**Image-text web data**
══════════════════════════════

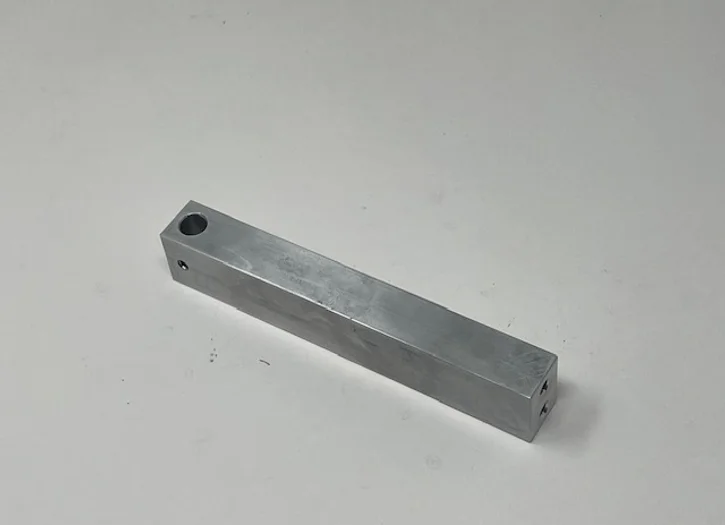 A metal bar with two holes in it.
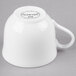 A white Reserve by Libbey bone china coffee cup with a handle.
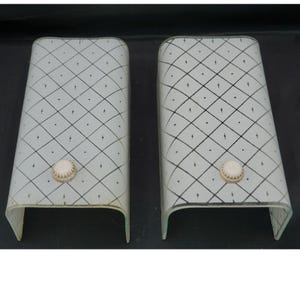 May include: A pair of rectangular, curved glass wall sconce shades featuring a white frosted finish with a black diamond grid pattern and small dots. Each shade includes a single, circular, off-white textured knob centered near the bottom.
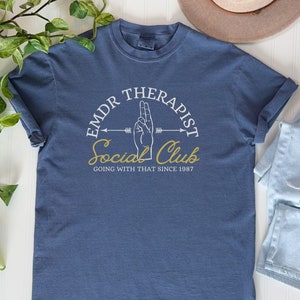 May include: A blue t-shirt with a white graphic design that says "EMDR Therapist Social Club Going With That Since 1987". The graphic also includes a hand making the peace sign and an arrow.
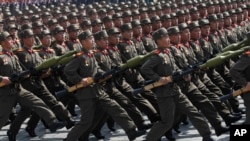 FILE - North Korean soldiers march during a military parade in Pyongyang's Kim Il Sung Square, April 15, 2012. A video purporting to show North Korean recruits lining up to collect Russian military fatigues and gear aims to intimidate Ukraine as it defends itself from Russia.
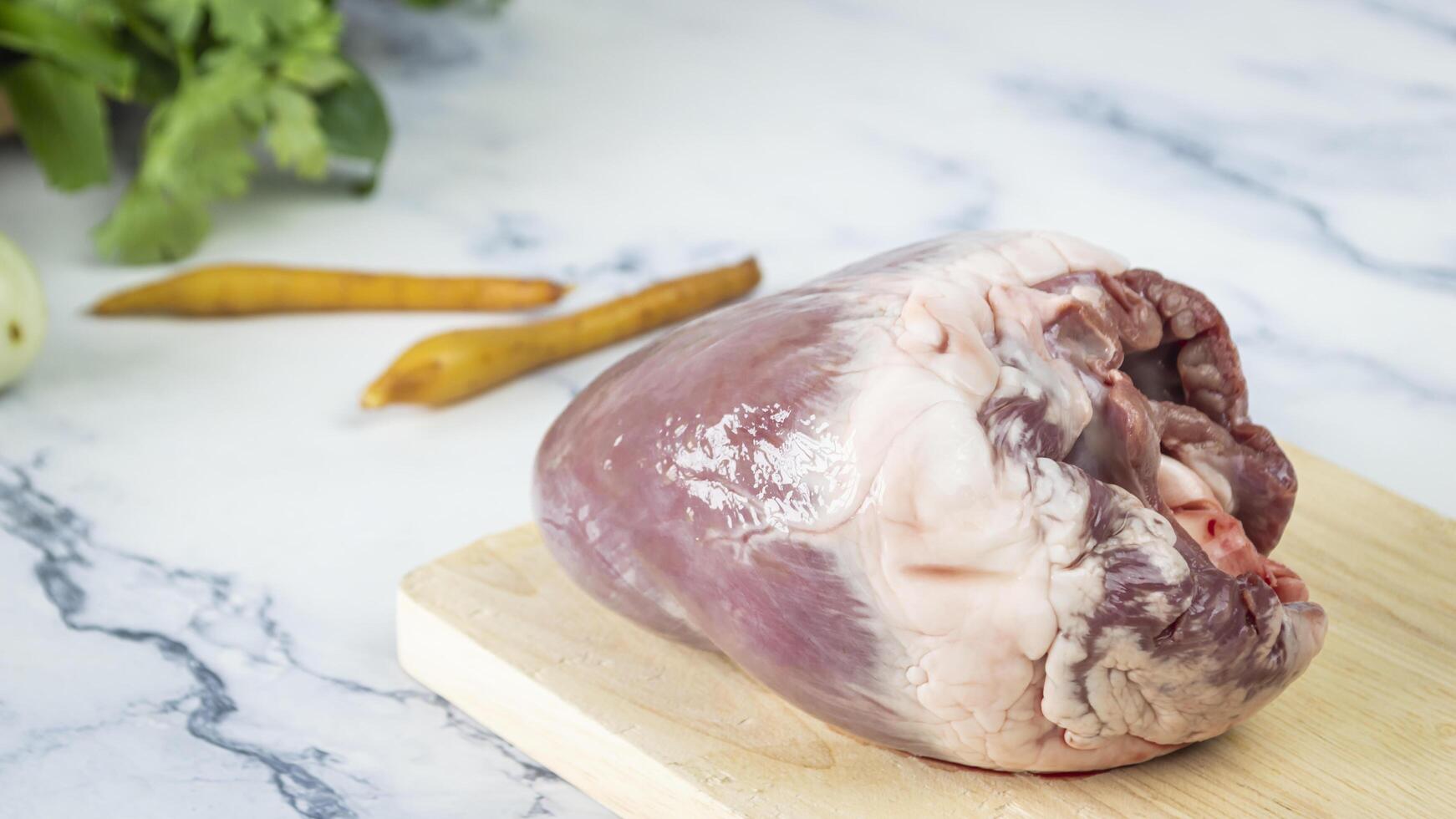 a raw pig heart on a cutting board with vegetables photo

══════════════════════════════

**BRIEF**
Reprint each of the records exactly and skip the images.

**PROBLEM SOLUTION**
 A metal bar with two holes in it.
 A white Reserve by Libbey bone china coffee cup with a handle.
 May include: A pair of rectangular, curved glass wall sconce shades featuring a white frosted finish with a black diamond grid pattern and small dots. Each shade includes a single, circular, off-white textured knob centered near the bottom.
 May include: A blue t-shirt with a white graphic design that says "EMDR Therapist Social Club Going With That Since 1987". The graphic also includes a hand making the peace sign and an arrow.
 FILE - North Korean soldiers march during a military parade in Pyongyang's Kim Il Sung Square, April 15, 2012. A video purporting to show North Korean recruits lining up to collect Russian military fatigues and gear aims to intimidate Ukraine as it defends itself from Russia.
 a raw pig heart on a cutting board with vegetables photo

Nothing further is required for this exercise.